He could also well be the source of her Kalinda-fu. When they wind up in an elevator together, it's game on. They wind up in bed. And then Kalinda points a gun at Nick and tells him to kick rocks to the edge of town. Romantical!

Family values

Alicia and Peter's marriage is less UFC but somewhat DOA. They're friendly in their interactions but no more than that, and Alicia isn't pretending otherwise for the sake of Peter's gubernatorial campaign. When Kristen Chenoweth's deceptively adorable Peggy Byrne pigeonholes Alicia in an interview, asking if Alicia doesn't feel like a "doormat" and referencing the 1950s, Alicia shuts her down: "This isn't about women or the '50s; this is about me."
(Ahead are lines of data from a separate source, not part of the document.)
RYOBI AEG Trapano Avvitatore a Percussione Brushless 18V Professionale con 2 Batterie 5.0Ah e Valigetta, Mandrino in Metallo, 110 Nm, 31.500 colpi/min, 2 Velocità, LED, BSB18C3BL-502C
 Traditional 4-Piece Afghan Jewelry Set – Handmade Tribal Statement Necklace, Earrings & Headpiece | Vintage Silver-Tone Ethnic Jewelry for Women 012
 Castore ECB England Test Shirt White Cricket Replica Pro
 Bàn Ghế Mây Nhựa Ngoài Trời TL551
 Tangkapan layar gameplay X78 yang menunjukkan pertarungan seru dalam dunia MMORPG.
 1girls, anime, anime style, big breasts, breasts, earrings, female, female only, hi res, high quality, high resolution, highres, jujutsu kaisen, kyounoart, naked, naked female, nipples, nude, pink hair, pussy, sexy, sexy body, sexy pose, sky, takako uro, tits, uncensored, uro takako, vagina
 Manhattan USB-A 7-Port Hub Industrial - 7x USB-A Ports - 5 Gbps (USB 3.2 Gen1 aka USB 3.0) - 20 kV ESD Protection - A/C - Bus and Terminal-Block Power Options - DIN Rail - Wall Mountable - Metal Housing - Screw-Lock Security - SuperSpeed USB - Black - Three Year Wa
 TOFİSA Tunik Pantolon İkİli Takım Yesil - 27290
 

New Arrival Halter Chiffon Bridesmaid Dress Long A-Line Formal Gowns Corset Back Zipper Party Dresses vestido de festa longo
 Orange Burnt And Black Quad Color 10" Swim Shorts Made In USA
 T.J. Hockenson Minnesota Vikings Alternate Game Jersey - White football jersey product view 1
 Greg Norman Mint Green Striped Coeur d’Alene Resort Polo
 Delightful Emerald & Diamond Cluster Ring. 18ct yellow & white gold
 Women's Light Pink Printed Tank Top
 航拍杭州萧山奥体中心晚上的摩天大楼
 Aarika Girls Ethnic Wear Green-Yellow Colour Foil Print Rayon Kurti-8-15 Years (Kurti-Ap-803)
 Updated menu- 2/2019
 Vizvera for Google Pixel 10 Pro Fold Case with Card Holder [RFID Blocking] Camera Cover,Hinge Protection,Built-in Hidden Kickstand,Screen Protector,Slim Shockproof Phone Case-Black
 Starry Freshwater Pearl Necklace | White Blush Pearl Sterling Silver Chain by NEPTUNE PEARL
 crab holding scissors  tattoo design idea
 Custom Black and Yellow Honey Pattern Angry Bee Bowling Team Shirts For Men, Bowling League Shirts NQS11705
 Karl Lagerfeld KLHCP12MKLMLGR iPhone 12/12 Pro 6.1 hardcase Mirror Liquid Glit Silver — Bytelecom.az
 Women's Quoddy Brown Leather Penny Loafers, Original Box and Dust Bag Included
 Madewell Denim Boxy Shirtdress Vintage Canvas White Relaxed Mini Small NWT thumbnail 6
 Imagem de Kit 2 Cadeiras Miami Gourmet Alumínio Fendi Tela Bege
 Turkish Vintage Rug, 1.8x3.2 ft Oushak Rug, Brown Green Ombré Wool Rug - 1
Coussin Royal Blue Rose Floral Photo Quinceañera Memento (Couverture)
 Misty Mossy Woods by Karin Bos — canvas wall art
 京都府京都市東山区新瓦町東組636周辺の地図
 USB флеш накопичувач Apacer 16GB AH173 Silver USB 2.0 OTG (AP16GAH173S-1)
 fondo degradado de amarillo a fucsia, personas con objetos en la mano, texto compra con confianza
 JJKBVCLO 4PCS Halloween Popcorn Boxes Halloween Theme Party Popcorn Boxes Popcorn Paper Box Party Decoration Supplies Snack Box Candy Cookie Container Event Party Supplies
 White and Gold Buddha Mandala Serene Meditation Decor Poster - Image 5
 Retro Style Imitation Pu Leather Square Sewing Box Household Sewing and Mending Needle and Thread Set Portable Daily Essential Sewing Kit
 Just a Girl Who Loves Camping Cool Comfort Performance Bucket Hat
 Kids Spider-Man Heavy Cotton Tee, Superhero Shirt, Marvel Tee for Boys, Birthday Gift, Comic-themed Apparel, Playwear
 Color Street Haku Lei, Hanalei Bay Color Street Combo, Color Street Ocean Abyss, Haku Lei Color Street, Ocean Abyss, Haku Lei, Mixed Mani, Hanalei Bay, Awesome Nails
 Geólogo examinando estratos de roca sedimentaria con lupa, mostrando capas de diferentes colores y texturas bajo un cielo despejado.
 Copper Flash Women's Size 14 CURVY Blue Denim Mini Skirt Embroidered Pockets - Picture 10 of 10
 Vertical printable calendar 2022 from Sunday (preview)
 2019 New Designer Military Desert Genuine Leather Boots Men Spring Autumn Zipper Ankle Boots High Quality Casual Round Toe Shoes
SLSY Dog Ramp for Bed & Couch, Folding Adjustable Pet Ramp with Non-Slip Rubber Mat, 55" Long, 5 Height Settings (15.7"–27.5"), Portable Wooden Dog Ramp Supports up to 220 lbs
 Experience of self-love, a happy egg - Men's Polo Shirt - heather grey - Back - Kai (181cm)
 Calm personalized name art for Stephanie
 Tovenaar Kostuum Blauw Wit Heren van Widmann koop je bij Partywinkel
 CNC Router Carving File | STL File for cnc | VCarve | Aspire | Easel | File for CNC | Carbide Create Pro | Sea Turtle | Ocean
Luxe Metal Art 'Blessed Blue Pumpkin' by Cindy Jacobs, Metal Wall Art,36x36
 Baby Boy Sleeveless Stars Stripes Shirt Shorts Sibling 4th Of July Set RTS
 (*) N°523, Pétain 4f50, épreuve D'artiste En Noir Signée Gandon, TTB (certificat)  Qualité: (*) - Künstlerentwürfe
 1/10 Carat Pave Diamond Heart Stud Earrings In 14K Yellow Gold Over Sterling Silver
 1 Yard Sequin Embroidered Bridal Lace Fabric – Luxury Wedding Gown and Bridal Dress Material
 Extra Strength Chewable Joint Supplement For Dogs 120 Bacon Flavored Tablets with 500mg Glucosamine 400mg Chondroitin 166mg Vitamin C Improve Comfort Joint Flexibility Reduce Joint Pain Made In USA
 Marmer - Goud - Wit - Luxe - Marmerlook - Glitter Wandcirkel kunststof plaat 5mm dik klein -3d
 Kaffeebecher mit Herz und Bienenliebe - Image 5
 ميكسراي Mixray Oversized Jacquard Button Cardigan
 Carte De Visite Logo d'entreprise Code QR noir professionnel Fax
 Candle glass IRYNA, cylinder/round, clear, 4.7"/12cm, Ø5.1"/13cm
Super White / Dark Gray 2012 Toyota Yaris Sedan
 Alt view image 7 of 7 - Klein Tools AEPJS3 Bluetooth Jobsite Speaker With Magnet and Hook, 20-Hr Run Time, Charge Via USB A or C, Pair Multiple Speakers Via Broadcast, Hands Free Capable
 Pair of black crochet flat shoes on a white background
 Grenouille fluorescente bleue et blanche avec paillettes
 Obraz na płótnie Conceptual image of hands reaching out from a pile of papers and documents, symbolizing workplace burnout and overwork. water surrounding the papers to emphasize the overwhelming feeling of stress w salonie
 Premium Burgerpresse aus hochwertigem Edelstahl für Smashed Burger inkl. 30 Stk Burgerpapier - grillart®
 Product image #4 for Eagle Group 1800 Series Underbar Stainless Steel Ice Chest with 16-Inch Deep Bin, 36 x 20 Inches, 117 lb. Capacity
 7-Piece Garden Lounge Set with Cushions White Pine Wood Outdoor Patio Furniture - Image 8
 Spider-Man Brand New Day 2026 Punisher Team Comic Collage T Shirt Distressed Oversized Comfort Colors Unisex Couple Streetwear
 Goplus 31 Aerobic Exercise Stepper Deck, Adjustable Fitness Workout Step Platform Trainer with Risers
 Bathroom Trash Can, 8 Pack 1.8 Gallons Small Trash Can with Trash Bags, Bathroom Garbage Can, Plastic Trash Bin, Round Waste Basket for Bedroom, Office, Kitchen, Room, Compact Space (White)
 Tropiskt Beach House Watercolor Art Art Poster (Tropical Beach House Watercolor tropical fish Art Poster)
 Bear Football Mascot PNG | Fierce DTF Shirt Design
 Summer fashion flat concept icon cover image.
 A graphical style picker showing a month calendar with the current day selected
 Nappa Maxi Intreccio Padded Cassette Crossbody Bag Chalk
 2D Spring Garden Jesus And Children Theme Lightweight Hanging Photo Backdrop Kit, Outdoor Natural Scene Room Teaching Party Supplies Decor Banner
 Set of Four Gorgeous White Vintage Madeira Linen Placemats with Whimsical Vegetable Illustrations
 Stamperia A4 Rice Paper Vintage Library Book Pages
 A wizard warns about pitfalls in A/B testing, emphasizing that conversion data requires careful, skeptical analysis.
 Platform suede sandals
Alicia's oft-stated desire to make her life her own may come true this season, if only because Eli Gold might be forced to take Peter's campaign in a different direction. The conservative opponent, Mike Kresteva (Matthew Perry, seen only in a campaign ad this episode), is not afraid to leverage his sick child for family-values votes; Peter will have to find another angle.

Zach attack

In the meantime, Peter's still the state's attorney, and Alicia's still being targeted based on the last name she's stayed committed to. Zach gets pulled over in a bogus traffic stop designed to boost numbers, which leads to a series of plumage displays among the traffic cop (Matthew Del Negro, doing his best with a one-dimensional character), the local DA, and Peter. Zach saves his own butt from an obstruction charge with a YouTube mashup -- surreptitious video from the stop, vintage building demolitions, cartoons, the usual -- that gets half a million views and forces an apology thanks to the bad PR.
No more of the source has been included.